Purpose: The purpose of this study was to evaluate the safety and efficacy of intralesional injection of chitosan hydrogel (CH) combined with sodium tetradecyl sulfate (STS) to sclerose and embolize venous malformations (VMs) by comparison with 3% STS foam and placebo in a mouse model.

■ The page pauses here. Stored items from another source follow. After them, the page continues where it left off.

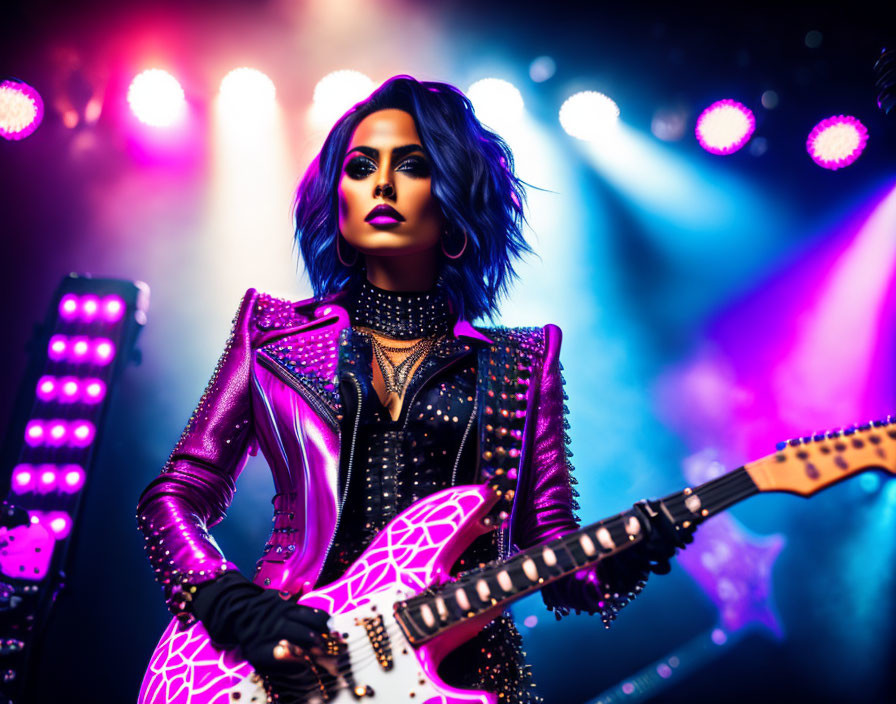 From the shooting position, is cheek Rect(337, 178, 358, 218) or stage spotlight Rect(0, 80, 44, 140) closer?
cheek Rect(337, 178, 358, 218)

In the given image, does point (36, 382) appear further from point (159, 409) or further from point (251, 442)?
point (251, 442)

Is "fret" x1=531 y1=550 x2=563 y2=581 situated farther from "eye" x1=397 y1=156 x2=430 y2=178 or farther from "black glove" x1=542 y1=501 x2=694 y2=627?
"eye" x1=397 y1=156 x2=430 y2=178

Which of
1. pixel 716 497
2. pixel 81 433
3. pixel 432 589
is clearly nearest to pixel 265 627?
pixel 432 589

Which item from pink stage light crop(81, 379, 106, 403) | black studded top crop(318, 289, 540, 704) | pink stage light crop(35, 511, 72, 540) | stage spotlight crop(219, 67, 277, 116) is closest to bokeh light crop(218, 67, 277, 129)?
stage spotlight crop(219, 67, 277, 116)

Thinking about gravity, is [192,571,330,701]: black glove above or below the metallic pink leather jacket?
below

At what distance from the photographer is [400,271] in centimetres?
198

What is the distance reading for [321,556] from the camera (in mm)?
1538

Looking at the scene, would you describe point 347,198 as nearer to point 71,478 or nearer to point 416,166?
point 416,166

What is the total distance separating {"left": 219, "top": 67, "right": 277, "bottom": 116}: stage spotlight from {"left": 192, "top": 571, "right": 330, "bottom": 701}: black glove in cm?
374

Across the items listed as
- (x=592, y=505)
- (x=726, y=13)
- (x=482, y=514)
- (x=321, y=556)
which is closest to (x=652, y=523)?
(x=482, y=514)

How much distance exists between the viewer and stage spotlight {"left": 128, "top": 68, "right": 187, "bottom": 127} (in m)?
4.22

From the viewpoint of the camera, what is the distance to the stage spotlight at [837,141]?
4676mm

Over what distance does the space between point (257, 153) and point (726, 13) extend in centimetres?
327

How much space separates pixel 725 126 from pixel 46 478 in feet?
15.8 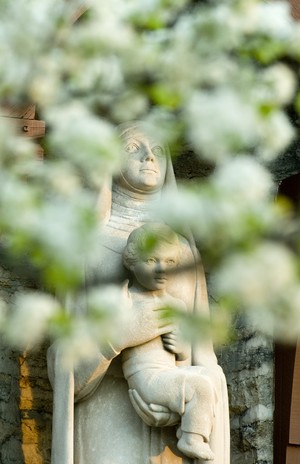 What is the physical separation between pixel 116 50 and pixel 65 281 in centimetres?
58

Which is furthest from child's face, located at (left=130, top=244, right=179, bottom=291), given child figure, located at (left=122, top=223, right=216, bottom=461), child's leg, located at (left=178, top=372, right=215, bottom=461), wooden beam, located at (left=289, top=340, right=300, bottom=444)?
wooden beam, located at (left=289, top=340, right=300, bottom=444)

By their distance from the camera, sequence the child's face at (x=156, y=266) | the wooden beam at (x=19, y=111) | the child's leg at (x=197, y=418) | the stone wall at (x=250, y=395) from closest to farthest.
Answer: the child's leg at (x=197, y=418), the child's face at (x=156, y=266), the wooden beam at (x=19, y=111), the stone wall at (x=250, y=395)

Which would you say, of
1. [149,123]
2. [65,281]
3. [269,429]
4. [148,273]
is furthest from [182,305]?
[65,281]

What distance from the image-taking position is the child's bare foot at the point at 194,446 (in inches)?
218

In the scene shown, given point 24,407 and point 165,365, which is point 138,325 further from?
point 24,407

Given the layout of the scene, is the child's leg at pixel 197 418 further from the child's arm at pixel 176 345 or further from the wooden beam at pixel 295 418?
the wooden beam at pixel 295 418

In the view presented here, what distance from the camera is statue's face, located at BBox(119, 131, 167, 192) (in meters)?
6.06

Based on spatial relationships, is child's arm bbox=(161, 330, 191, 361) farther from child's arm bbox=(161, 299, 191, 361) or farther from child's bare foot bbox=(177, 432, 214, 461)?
child's bare foot bbox=(177, 432, 214, 461)

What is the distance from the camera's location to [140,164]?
A: 6070mm


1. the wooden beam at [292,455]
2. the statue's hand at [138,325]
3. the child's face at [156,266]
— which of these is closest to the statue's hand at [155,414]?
the statue's hand at [138,325]

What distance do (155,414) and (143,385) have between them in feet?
0.36

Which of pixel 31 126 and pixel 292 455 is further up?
pixel 31 126

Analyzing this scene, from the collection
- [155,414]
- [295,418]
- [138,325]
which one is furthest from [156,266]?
[295,418]

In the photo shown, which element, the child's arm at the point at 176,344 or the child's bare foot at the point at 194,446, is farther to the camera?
the child's arm at the point at 176,344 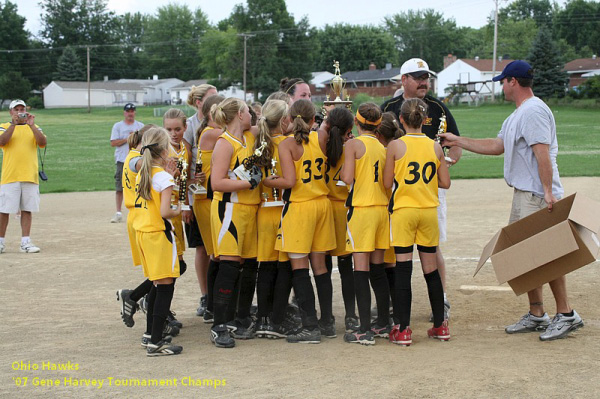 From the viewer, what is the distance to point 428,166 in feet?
19.2

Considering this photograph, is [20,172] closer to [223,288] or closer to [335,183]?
[223,288]

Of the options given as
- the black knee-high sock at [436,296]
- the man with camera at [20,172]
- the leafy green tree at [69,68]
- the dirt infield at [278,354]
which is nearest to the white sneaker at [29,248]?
the man with camera at [20,172]

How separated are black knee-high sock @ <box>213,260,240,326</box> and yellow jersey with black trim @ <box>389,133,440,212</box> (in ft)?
4.93

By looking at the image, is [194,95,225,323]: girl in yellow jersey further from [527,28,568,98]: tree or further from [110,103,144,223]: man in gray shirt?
[527,28,568,98]: tree

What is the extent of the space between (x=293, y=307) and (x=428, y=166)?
205cm

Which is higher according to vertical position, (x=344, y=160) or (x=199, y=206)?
(x=344, y=160)

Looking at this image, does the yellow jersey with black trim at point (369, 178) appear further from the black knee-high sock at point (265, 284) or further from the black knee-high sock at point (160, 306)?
the black knee-high sock at point (160, 306)

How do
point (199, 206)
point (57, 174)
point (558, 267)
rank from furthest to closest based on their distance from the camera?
point (57, 174) → point (199, 206) → point (558, 267)

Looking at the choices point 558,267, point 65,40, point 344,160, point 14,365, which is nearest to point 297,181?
point 344,160

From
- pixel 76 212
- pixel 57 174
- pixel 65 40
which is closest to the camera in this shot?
pixel 76 212

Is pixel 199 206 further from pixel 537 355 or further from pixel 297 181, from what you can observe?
pixel 537 355

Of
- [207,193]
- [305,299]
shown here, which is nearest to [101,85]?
[207,193]

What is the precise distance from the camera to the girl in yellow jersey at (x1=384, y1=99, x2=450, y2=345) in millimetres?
5832

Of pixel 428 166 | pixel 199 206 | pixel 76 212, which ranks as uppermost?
pixel 428 166
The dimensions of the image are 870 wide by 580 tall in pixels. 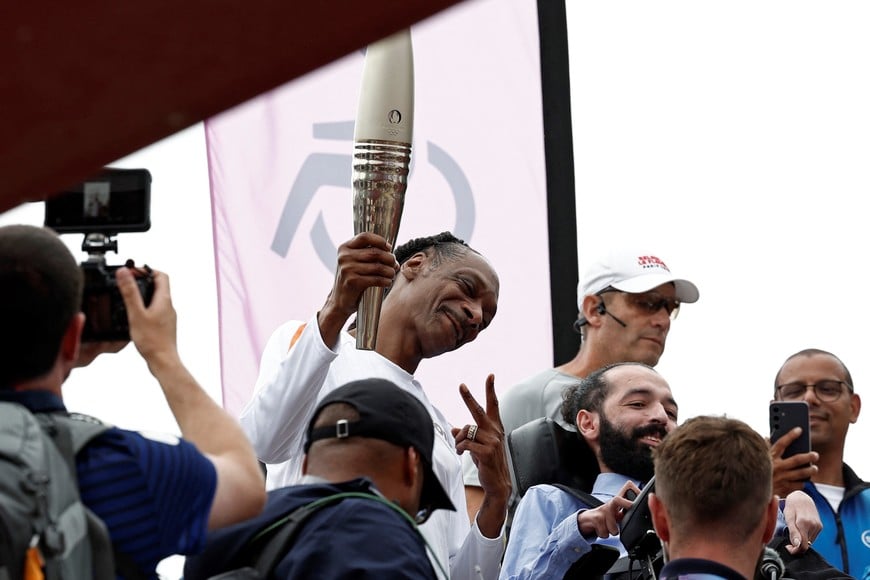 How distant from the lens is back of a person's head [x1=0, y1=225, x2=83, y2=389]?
7.74ft

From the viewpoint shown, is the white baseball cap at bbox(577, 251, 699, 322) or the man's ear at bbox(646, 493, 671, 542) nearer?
the man's ear at bbox(646, 493, 671, 542)

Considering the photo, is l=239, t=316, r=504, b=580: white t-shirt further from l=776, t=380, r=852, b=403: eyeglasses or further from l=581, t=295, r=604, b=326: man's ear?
l=776, t=380, r=852, b=403: eyeglasses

Materials and methods: Subcutaneous VMs were created by injecting HUVEC_TIE2-L914F cells, mixed with matrigel, into the back of athymic mice (Day [D] 0). After VM-like lesions were established at D10, 70 lesions were randomly assigned to one of six treatment groups (untreated, saline, 3% STS-foam, CH, 1% STS-CH, 3% STS-CH). For 3% STS-foam, the standard Tessari technique was performed. VMs were regularly evaluated every 2-3 days to measure lesion size until the time of collection at D30 (primary endpoint). At D30, VM lesions including the matrigel plugs were culled and evaluated by histological analysis to assess vessel size, chitosan distribution and endothelial expression. One-way analysis of variance (ANOVA) test was performed to compare quantitative variables with normal distribution, otherwise Kruskal-Wallis test followed by pairwise comparisons by a Wilcoxon rank sum test was performed.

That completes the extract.